Abhijit: So in any case, we were at our wits end. And then the lead Android engineer on the project called us up laughing.

Kevin: Hmm!

Abhijit: So he was looking over the logs one more time, and things looked fine. And then something seemed funny to his eyes. So he stopped and looked in detail.

And he noticed the telemetry that was coming back, all of which were prefixed by the words "unified cards," because these were unified cards, that the 'i' looked funny.

Kevin: The 'i' in "unified cards".

Abhijit: Yeah, the 'i'. There's, something looked strange about it, as it scrolled through his terminal. So he dug into it and...

Kevin: What do you mean, the 'i' looked funny?

Abhijit: Like, it looked funny!
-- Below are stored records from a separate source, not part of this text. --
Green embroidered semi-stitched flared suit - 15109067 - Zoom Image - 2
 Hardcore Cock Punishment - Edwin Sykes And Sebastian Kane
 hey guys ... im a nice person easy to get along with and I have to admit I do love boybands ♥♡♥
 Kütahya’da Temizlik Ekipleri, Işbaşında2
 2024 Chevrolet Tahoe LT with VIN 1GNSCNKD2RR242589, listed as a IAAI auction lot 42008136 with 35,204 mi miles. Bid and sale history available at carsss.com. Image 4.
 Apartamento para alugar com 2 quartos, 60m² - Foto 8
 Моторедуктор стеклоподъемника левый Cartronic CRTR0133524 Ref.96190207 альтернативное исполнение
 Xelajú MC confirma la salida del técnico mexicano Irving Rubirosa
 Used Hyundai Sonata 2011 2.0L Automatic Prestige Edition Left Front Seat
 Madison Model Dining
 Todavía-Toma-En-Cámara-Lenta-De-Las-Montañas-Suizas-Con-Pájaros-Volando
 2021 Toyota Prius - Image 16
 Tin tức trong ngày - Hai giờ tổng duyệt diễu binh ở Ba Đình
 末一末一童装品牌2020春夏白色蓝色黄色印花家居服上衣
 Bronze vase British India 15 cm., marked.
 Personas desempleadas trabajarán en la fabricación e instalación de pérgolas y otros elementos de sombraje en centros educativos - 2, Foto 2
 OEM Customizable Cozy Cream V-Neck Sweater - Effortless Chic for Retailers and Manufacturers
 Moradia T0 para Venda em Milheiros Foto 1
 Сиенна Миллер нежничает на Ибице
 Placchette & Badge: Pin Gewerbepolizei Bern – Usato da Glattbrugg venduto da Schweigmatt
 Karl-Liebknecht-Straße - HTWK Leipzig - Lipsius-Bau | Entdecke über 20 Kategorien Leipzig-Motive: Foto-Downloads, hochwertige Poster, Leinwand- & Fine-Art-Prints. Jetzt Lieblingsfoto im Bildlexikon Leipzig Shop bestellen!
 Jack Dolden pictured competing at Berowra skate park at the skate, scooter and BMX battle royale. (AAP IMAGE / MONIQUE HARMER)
And then he looked at it, it was missing the dot, right?

Kevin: Right.

Abhijit: Like you'd have a lowercase 'i' and it was missing the dot.

Kevin: Right.

Abhijit: And it's like, well, that's weird. Why is that happening? And then he runs it through the processing and he's like, sure enough, when we process those logs, like the events don't show up the 'i' doesn't have a dot and you're matching against an event prefixed by "unified cards" where 'i' does have a dot.

Kevin: Where the 'i' has a dot. Okay.

Abhijit: Yeah.

Kevin: So you were actually receiving the events, but you weren't able to filter them out because you were filtering for on some level the correct spelling, the string, the literal, and you were not filtering for "unified cards" without, with an 'i' that doesn't have a dot, which is, okay.

Abhijit: So here's what happened.

Kevin: Okay.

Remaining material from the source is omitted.